R Code Documentation

Feature Selection

.. FS_mRMR.R::
[sources]
#Runs mRMR feature selection in parallel as implemented in the mRMRe package: De Jay, N. et al. "mRMRe: an R package for parallelized mRMR ensemble feature selection." Bioinformatics (2013).
#Although run in parallel, the performance is still not very good for high-dimensional data sets (>20.000 features).
#The resulting scores sometimes seem to not be sorted.
#However, these scores are the individual features' scores and feature combinations can result in a different overall ranking.
#Invoked by python's featureselection.MRMRSelector class.
#
#@param args the input parameters parsed from the command line, consisting of
#         - absolute path to the input data set file.
#         - absolute path to the output file where the ranking will be stored.
#         - maximum number of features to select.

library(mRMRe)

args = commandArgs(trailingOnly=TRUE)

inputFile <- args[[1]]
outputLocation <- args[[2]]
maxFeatures <- args[[3]]


if (length(args)<3) {
  stop("Please supply three arguments: inputFile (data set), outputLocation (feature ranking), and maxFeatures (number of features to select)", call.=FALSE)
}

rawData <- read.csv(inputFile, check.names = FALSE, stringsAsFactors = TRUE)
#check.names= FALSE necessary because R introducing X for column names beginning with numbers
geneExpressionMatrix <- rawData[-c(1)]
geneExpressionMatrix[,1] <- as.numeric(geneExpressionMatrix[,1])

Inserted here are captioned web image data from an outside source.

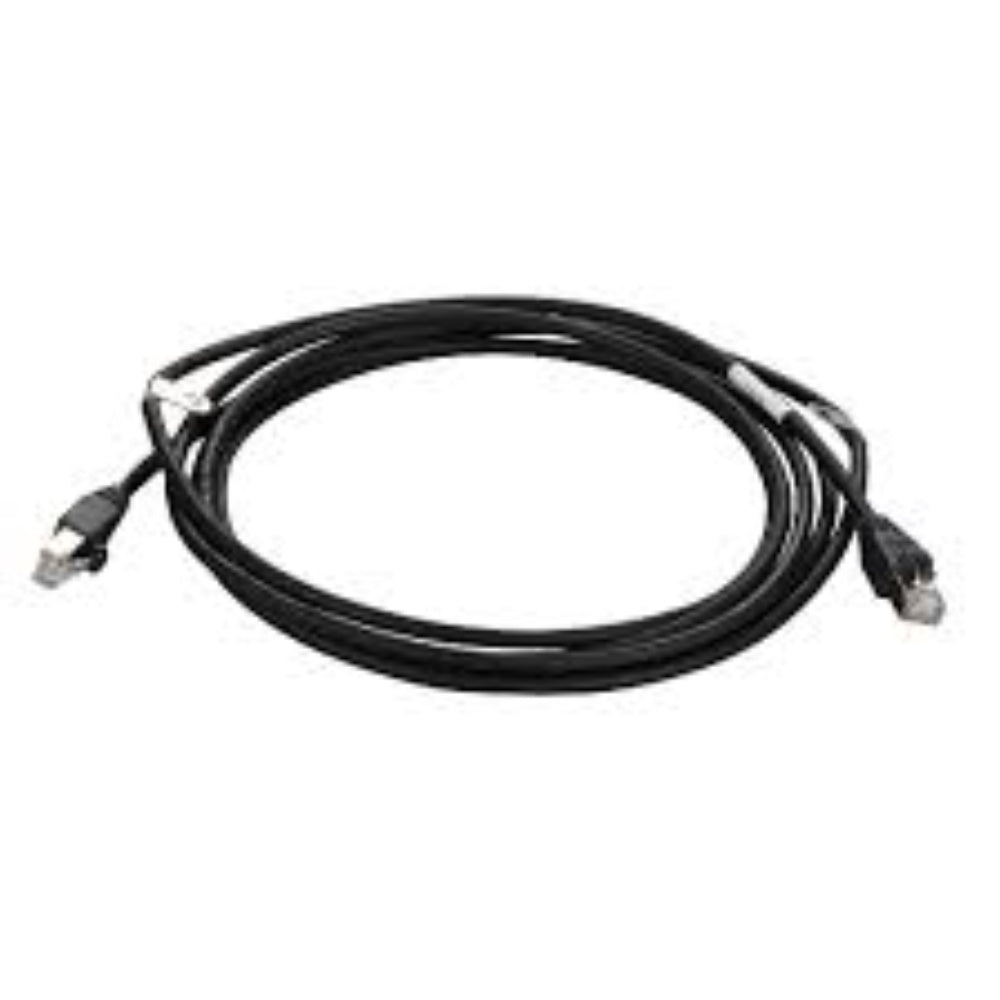 Hmi Cables Bteween The Ltmr Or Ltme And The Ltmcu Control Unit-3 M, Ltm9Cu30, LTM9CU30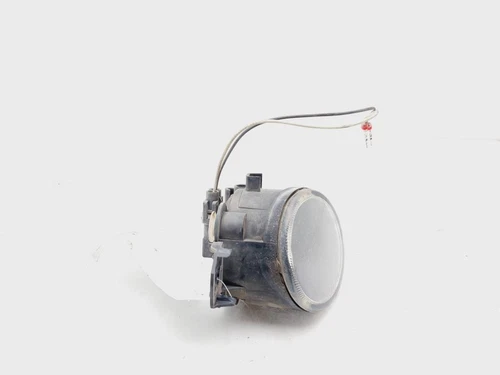 8200002469 Faro Fendinebbia Sinistro per RENAULT CLIO II FASE II (B/CB0) 8826970 - Foto 2 di 10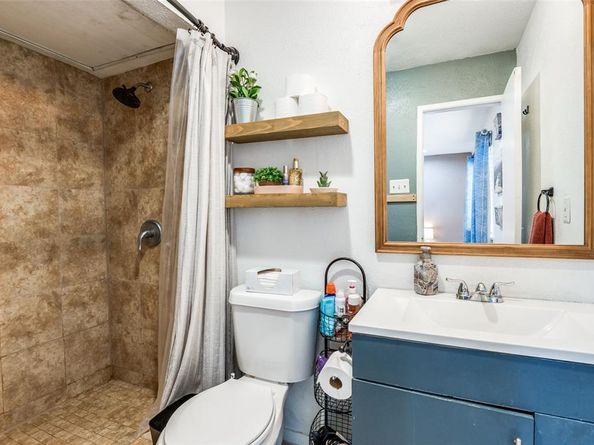 5209  Baker Drive , The Colony Texas 75056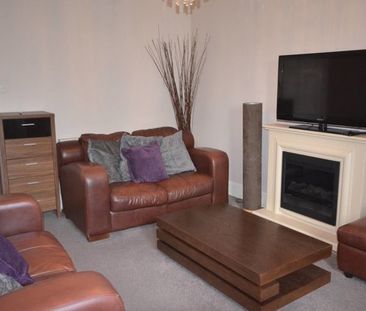 66 Ashgrove Road, AB25 3AD, Aberdeen - Photo 6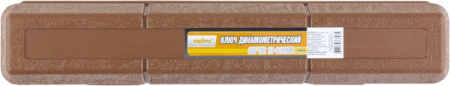 Ключ динамометрический Ombra A90039 (3/8")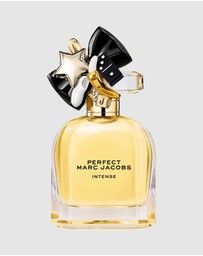 Marc Jacobs - Perfect Intense EDP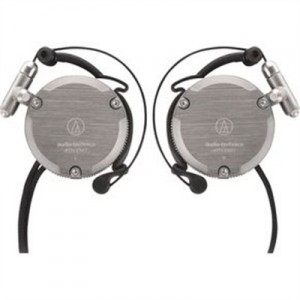 audio_technica_ath_em7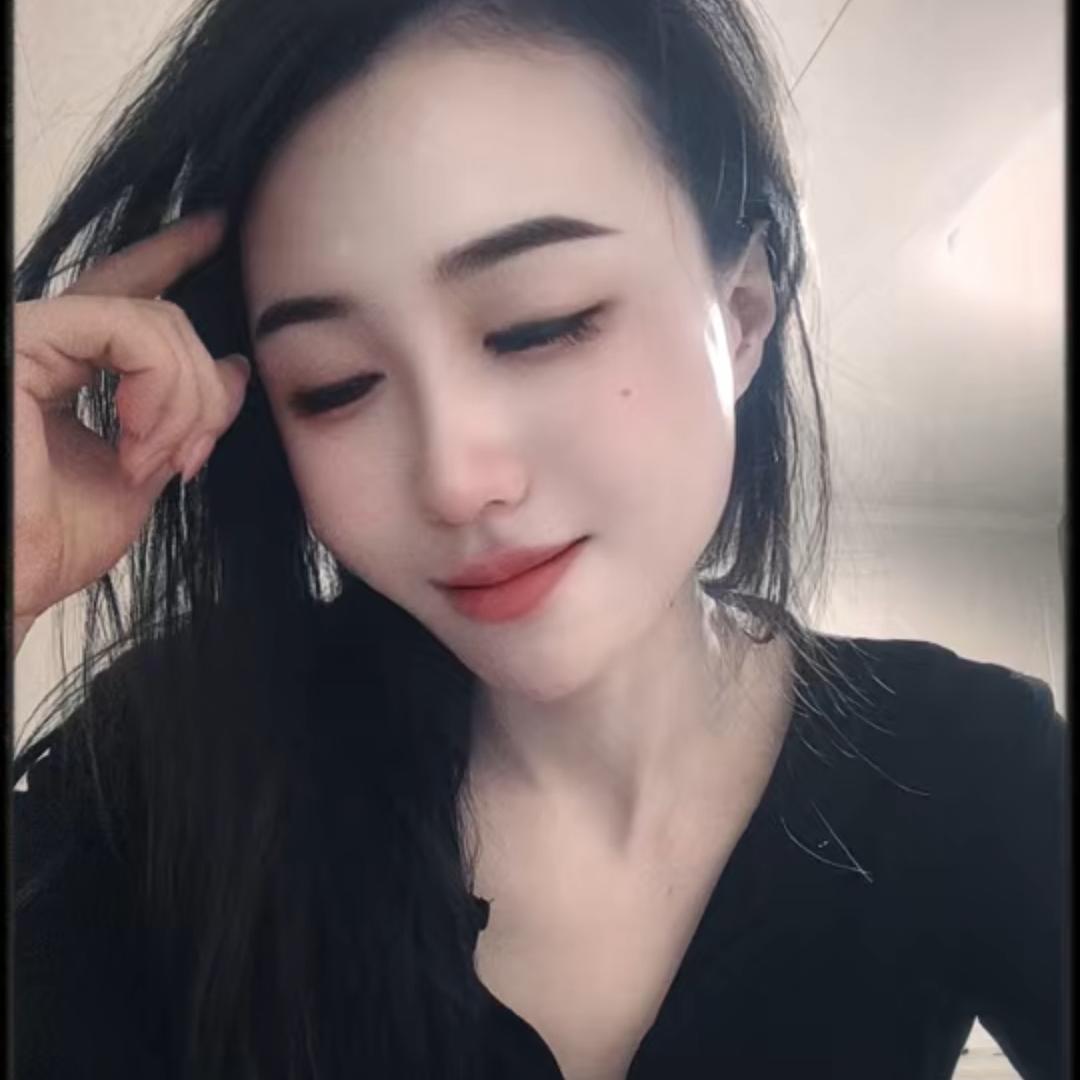 在马来西亚卖鸭货的江苏女孩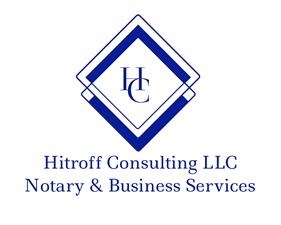 Hitroff Consulting LLC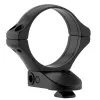 Mak Pivot Pied Avant Diam.36 BH 12 Coude 26 (alu)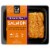 Sea Cuisine Teriyaki Sesame Salmon Perspective: front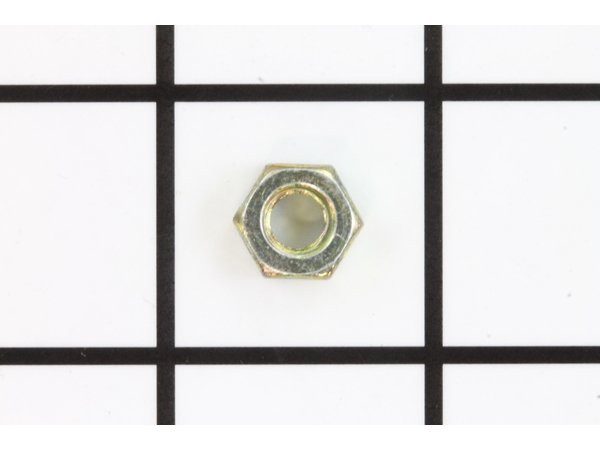 9275974-1-M-Toro-3217-5-Nut-Hex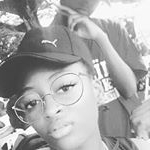 Profile Picture of —Cãssãndrã— (@ta_shyna) on Instagram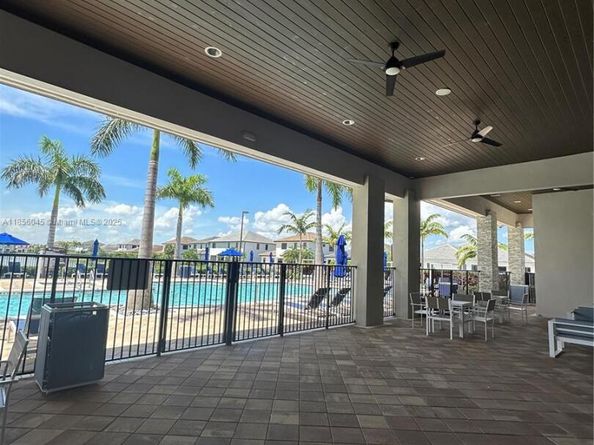 4335 SW 173rd Ave, Miramar FL 33029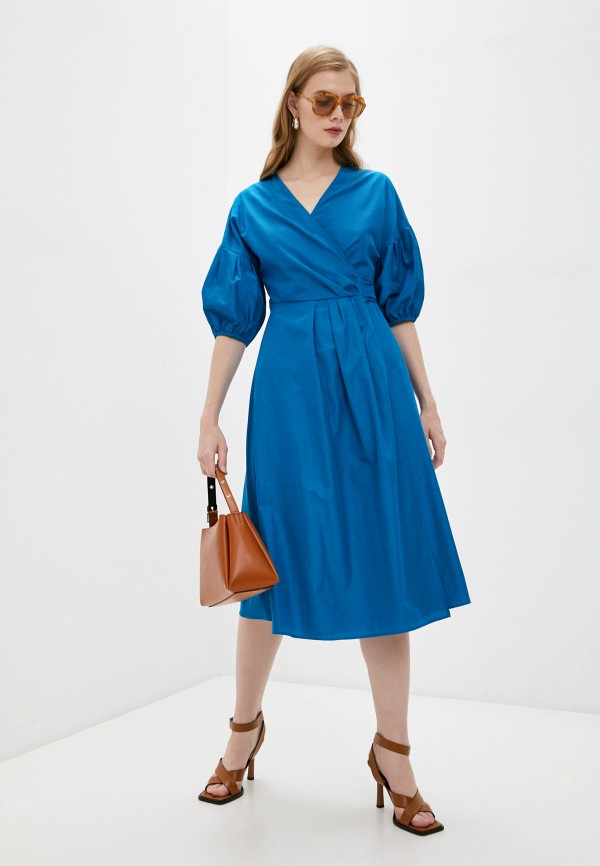 фото Платье pennyblack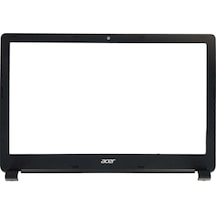 Acer Uyumlu Aspire E5-571, E5-571G Çerçeve Bezel Ön Çıta Kapak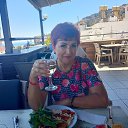 ���� ��������!, ��������, 68 ��� - ��������� 26 �������� 2025 � ������ ���� ����������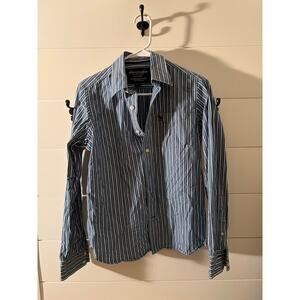 Abercrombie Kids Button Down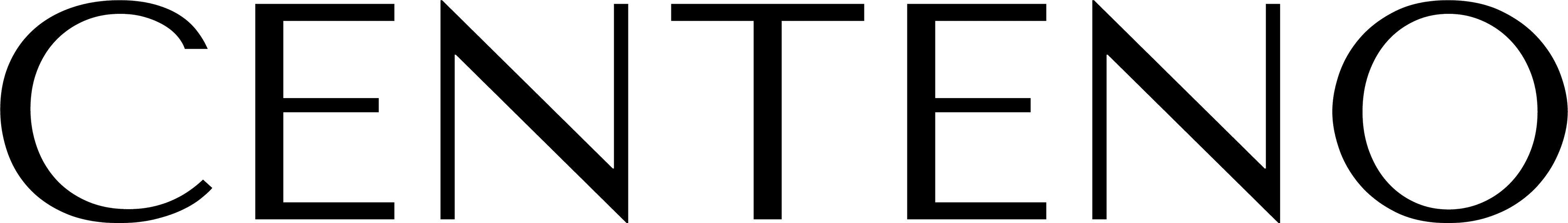 centenotr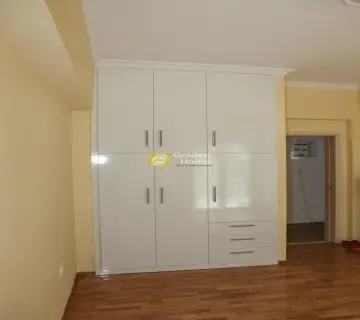 Διαμέρισμα 132τ.μ. προς πώληση φωτογραφία 20
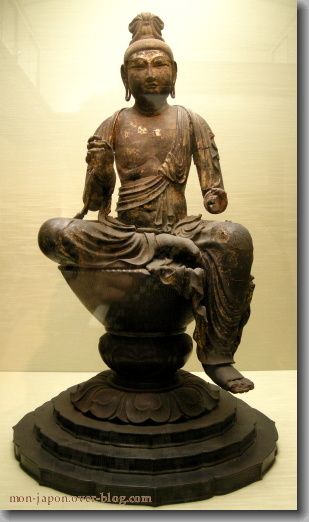 Bouddha--jambe-pendante-1.jpg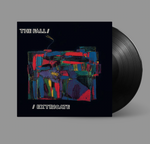 The Fall - Extricate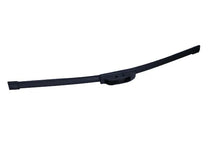Lama Stergator MAX - AERO475MM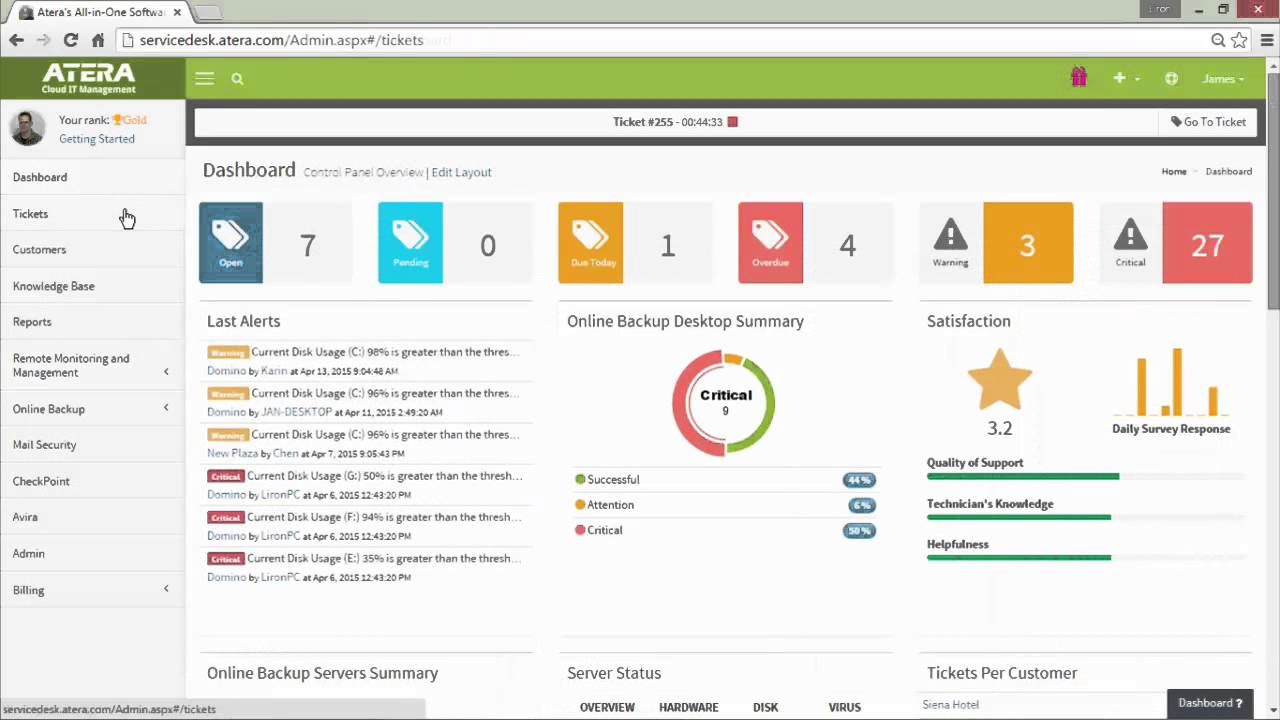 Windows server monitoring tools 6.png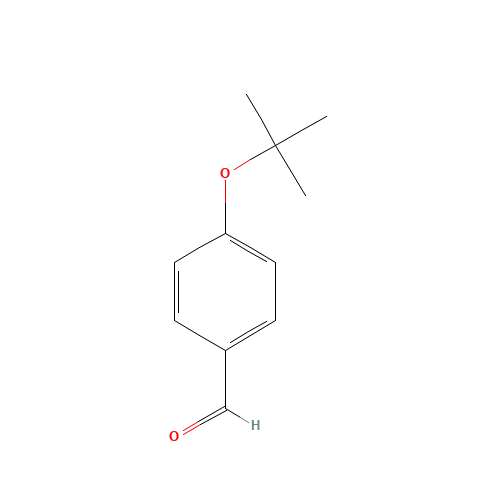 FT-0619474 CAS:57699-45-3 chemical structure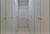 Cobertura, 5 quartos, 790 m² - Foto 16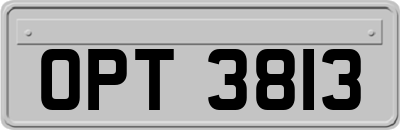 OPT3813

#do feature selection here
dd <- mRMR.data(data = geneExpressionMatrix)
features <- mRMR.classic(data = dd, target_indices = c(1), feature_count = maxFeatures)

ranking <- solutions(features)
scores <- features@scores[[1]]

colNames <- names(geneExpressionMatrix)
featureNames <- list(colNames[unlist(ranking)])

outputData <- list(featureNames,scores)

fileOutput <- as.data.frame(outputData)

colnames(fileOutput) <- c("attributeName", "score")

write.csv(fileOutput, file = outputLocation, row.names = FALSE, sep = "\t")

Runs mRMR feature selection in parallel as implemented in the mRMRe package: De Jay, N. et al. “mRMRe: an R package for parallelized mRMR ensemble feature selection.” Bioinformatics (2013). Although run in parallel, the performance is still not very good for high-dimensional data sets (>20.000 features). The resulting scores sometimes seem to not be sorted. However, these scores are the individual features’ scores and feature combinations can result in a different overall ranking. Invoked by featureselection.MRMRSelector.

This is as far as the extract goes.